地味ながら芸術家らしいアプローチは活動を見るだけでも明らかだが、機会を得て初めて彼の音楽を聴くことが出来た。(彼の活動をサポートする組織があるようだ)
《エフゲニー・ザラフィアンツ ピアノリサイタル》
2011年12月12日 (月) 19時 東京文化会館小ホール
○シューマン : 蝶々 op.2、森の情景 op.82
○ショパン:ポロネーズ第7番 変イ長調「幻想ポロネーズ」op.61
○ショパン:ポロネーズ第6番 変イ長調「英雄」op.53
○リスト:ソナタ ロ短調
全席自由:一般5500円 学生3000円
○アンコール:ショパン「ポロネーズ第10番」
モシュコフスキー「愛のワルツ」
ppp(ピアニッシシモ)のような超弱音?に今まで聴いたことのなかった美しさが燻し銀のような輝きを放っているのだ。けっして華やかではない、かといって暗いのでもなく、様々な人生経験を経てこそ醸し出される憂いを帯びた輝きとでも言おうか、大人の音、本物の音楽を創るピアニストなのだ。
メインプログラムはリストのロ短調。
シューマンやショパンはその導入のようだった。
作品をあそこまで掘り起こし、とことん突詰め自分の音楽にし、高めているのには驚嘆。テクニックだけで到底辿り着けない、本物の音楽を目ざす者だけに与えられた音楽創りと言えばいいのだろうか?凄まじい集中力と精神力でリストの音楽を創りあげた。彼は心底からリストの音楽に入り込み、寄り添い、自分と同化しているかのように感じた。
彼は音楽創りにしても,ピアノの音にしても、とても個性のあるピアニストで、(はっきり言って)たぶんメジャーにはならないだろうけれど、非凡なる才能の持ち主であることは間違いない。
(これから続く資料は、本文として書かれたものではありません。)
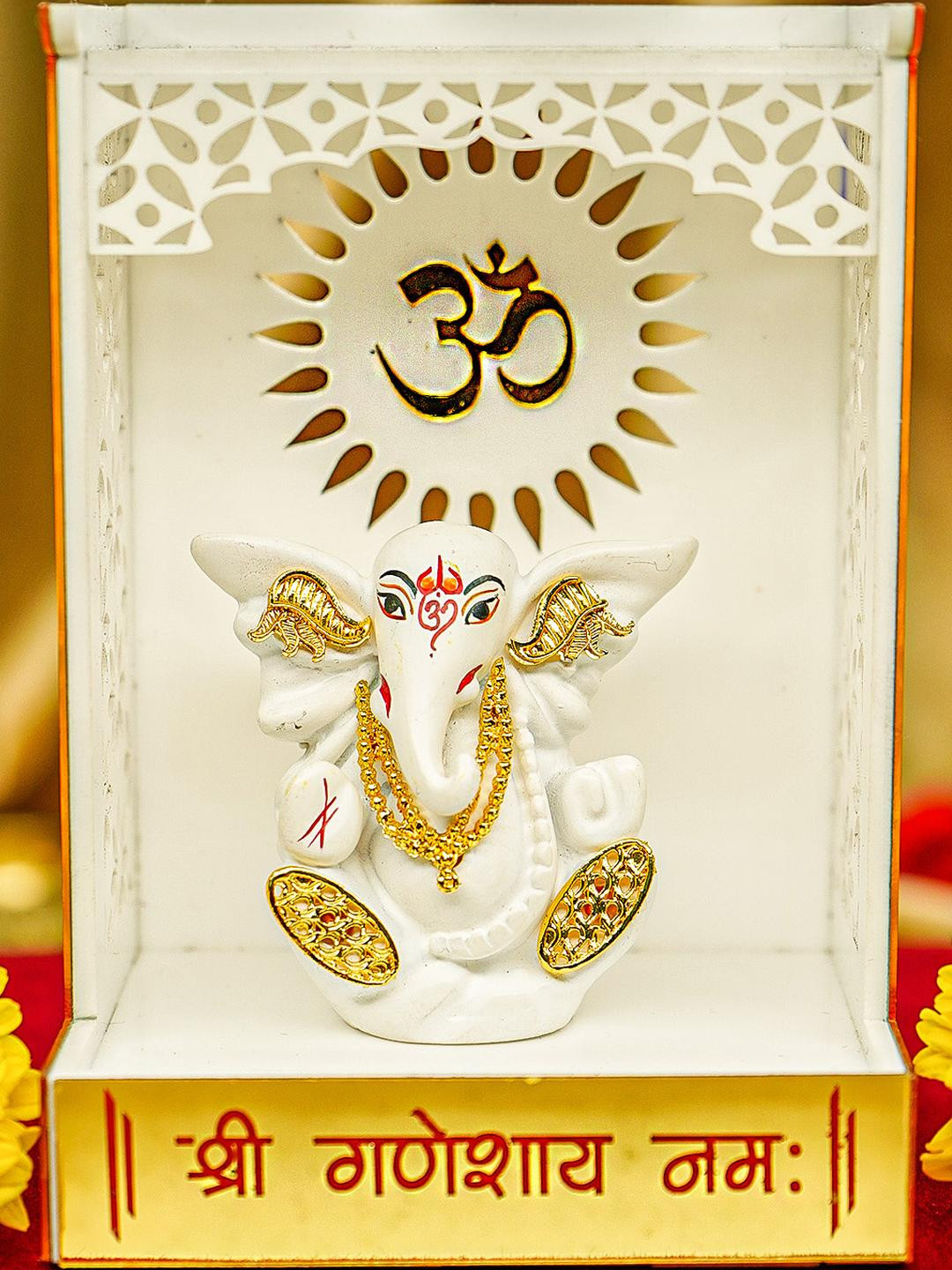 Ekhasa White Free Standing Ganesha Idol With Mandir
特に、弱音の美しさ、繊細さには脱帽。小さい音のなんと豊かなことか...。
残念だったのは私自身がリストの音楽をほとんど理解できていないことだった。彼のお陰でまた世界が広がった気がしている。
アンコールは素晴らしい選曲で納得。最後の「愛のワルツ」で心穏やかに会場を後に出来た。彼のようなピアニストこそ本物なのだろうと思うし、チャンスがあれば是非また聴きたいと思う。
ご興味があれば、今回のリサイタルに向けたインタヴュー映像を。
な、なんと!日本語で話されます。彼の人柄がよく分かります。
音楽会で彼がニコリとすることはほとんどなかったので貴重です。(^^
◆インタヴュー映像/E.ザラフィアンツ リサイタルにむけて!
ただ、ショパンはコラージュでは表現しきれないと・・・。あえて、断片の美は排除するピアニスト達がいます。
私も是非、生の演奏を聴いてみたいと思いました。
こんばんは。素直な感想を伺って、、、なるほどと唸りました。
ピアニストの表現のことについても...。
音楽を創ることの難しさを越えて、様々な表現方法の中から自分でなければ出来ない「何か」を見出せたアーティストは幸せなのだと思います。
菜緒さんには是非一度生を聴いてみてほしいピアニストです。ライブでしか味わえないモノを持つピアニストだと思いました。なかなか考えさせられる演奏会でした。
今回のプログラムは後半だけで十分だと思えるくらい...彼の音楽には様々な評価があるでしょうが、タダモノではないと思いました。